Dial any *stylized fact* of markets on and off — fat tails, volatility clustering, jumps,
regime switching, long memory, order-flow self-excitement, adverse selection — and watch
what the methods you care about do under those conditions, before you turn them loose on
real data.

```python
import finmlsim as fms

# Volatility clustering plus fat tails
r = fms.simulate.garch(n=2000, dist="t", seed=0)
fms.stylized.summary(r)
prices = fms.stylized.to_prices(r)

# Stochastic-vol pricing with Heston
S, v = fms.simulate.heston(n=252, seed=0)

# Cont-Stoikov limit-order-book dynamics
book = fms.simulate.limit_order_book(n_events=20_000, seed=0)
```

## Install
```bash
pip install finmlsim
# core needs only numpy; analysis extras: pip install "finmlsim[analysis]"
```

## Modules
- **`simulate`** — generators grouped by family:
  - *Return series* (1-D log returns): `gaussian`, `student_t`, `arma`, `garch`,
    `regime_switching`, `jump_diffusion`, `cont_bouchaud`.
  - *Cross-sectional panel*: `panel` (2-D, common-factor structure).
  - *Continuous-time price processes*: `ornstein_uhlenbeck` / `vasicek`,
    `heston` (1993), `bates` (1996), `sabr` (Hagan et al. 2002), `rbergomi`
    (Bayer-Friz-Gatheral 2016), `fbm` / `fgn` (Hurst-parametrized).
  - *Microstructure and execution*: `hawkes` (1971 self-exciting), `roll_bounce` (1984),
    `glosten_milgrom` (1985), `kyle` (1985), `limit_order_book` (Cont-Stoikov style),
    `almgren_chriss` (2000 optimal execution).
  Every generator takes a `seed` for reproducibility.
- **`stylized`** — diagnostics: `acf`, `excess_kurtosis`, `vol_clustering`, `summary`, `to_prices`.
- **`metrics`** — strategy evaluation: `sharpe`, `max_drawdown`, `rank_ic`, `ic_ir`,
  `turnover`, `deflated_sharpe`, `min_track_record_length`.
- **`resample`** — block bootstraps for dependent series: `stationary_bootstrap`
  (Politis-Romano 1994), `circular_block_bootstrap` (Politis-Romano 1992). Pairs with the
  multiple-testing diagnostics in `metrics`.
- **`data`** — loaders for the bundled empirical datasets (Ken French daily factors,
  momentum, and 12 industry portfolios): `ff_factors`, `ff_momentum`, `industries`,
  `market_return`. Offline; see `datasets/famafrench/` in the source repository.

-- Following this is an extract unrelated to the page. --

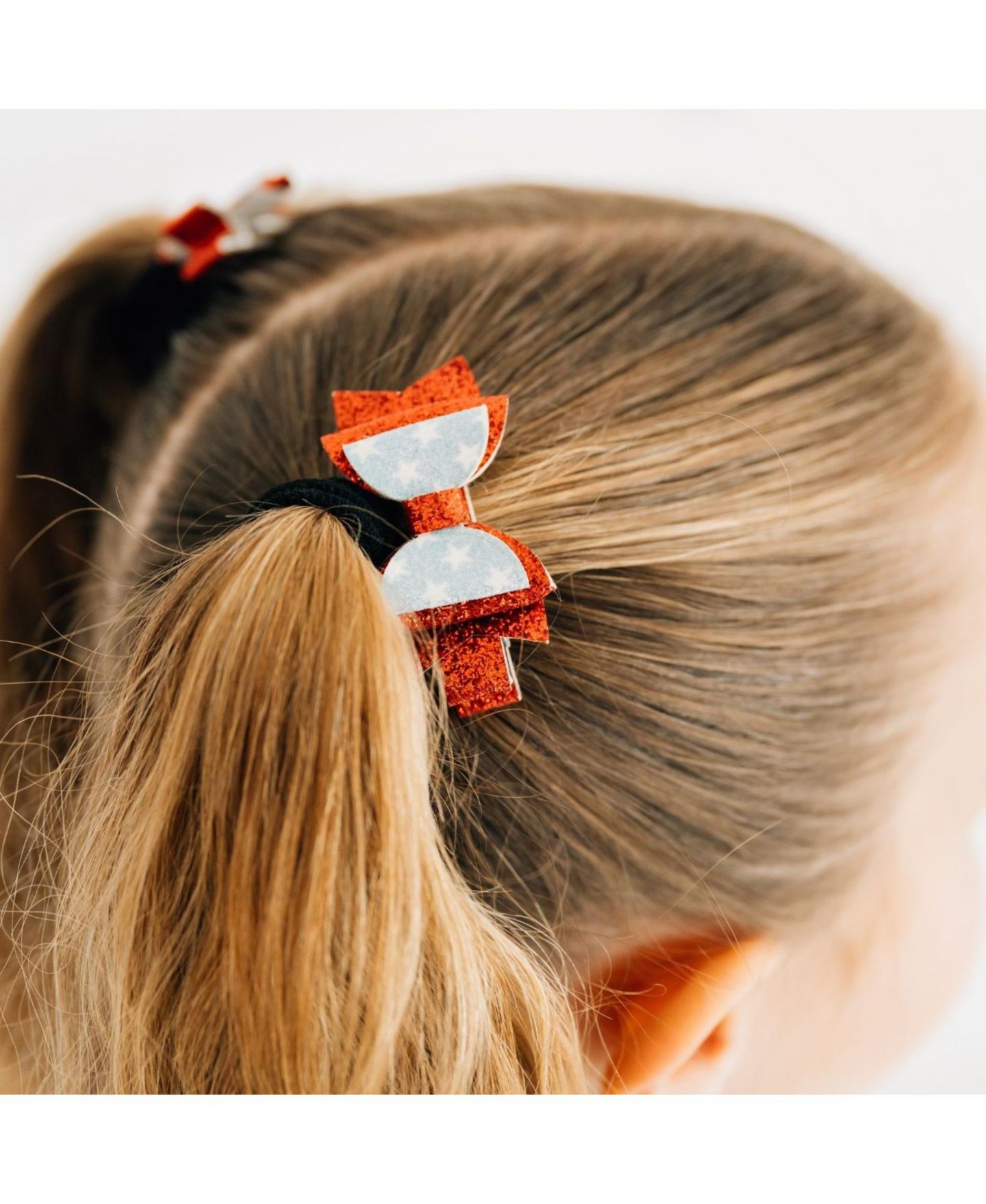 Аксессуары для волос Sweet Wink Glitter Flag Bow Clip Set для девочек, цвет: Красный — фото 3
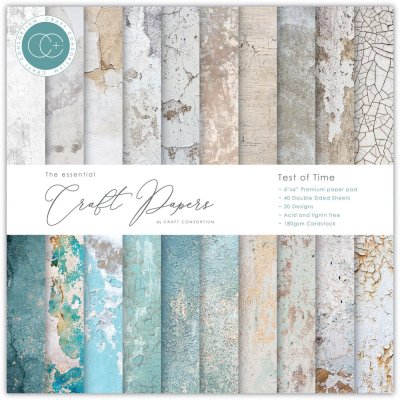 Craft Consortium 6”x6” Essential Craft Papers Paper Pad - Test of Time (40 sheets)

## The stylized facts each return-series generator produces
| Generator | Fat tails | Vol clustering | Mean autocorrelation |
|-----------|:---------:|:--------------:|:--------------------:|
| `gaussian` | – | – | – |
| `student_t` | ✓ | – | – |
| `arma` | – | – | ✓ (by design) |
| `garch` | mild | ✓ | – |
| `garch(dist="t")` | ✓ | ✓ | – |
| `regime_switching` | ✓ (mixed) | ✓ | – |
| `jump_diffusion` | ✓ | – | – |
| `cont_bouchaud` | ✓ (endogenous) | (weak) | – |

## What the continuous-time and microstructure models give you
| Generator | Returns | Key parameter | Use case |
|-----------|---------|---------------|----------|
| `ornstein_uhlenbeck` / `vasicek` | path | `kappa` (mean-reversion rate) | pairs, short rates, vol state |
| `heston` | `(S, v)` | `xi`, `rho`, `kappa` | stochastic vol; smile/skew |
| `bates` | `(S, v)` | + `jump_intensity` | stoch-vol with crash risk |
| `sabr` | `(F, alpha)` | `beta`, `nu`, `rho` | FX / rates vol surfaces |
| `rbergomi` | `(S, xi)` | `H` < 0.5 | rough volatility |
| `fbm` / `fgn` | path / increments | `H` | Hurst-parameterized paths |
| `hawkes` | event times | `alpha`, `beta` | order-flow clustering, contagion |
| `roll_bounce` | tx-price log returns | `half_spread` | bid-ask bounce, negative AC(1) |
| `glosten_milgrom` | dict (ask/bid/spread/belief) | `alpha` (informed prob) | adverse-selection spread |
| `kyle` | dict (v, u, x, y, price) | `sigma_v / sigma_u` | strategic informed trading |
| `limit_order_book` | dict (mid, spread, depth) | `lam0`, `theta`, `mu_mkt` | LOB dynamics, depth, impact |
| `almgren_chriss` | dict (path, costs) | `lam` (risk aversion) | execution trajectories |

These are **teaching and research models**, not production calibrations. Planned additions:
a cost-aware `backtest` module and leak-free `features` helpers.

## License

MIT. See `LICENSE` in the source repository.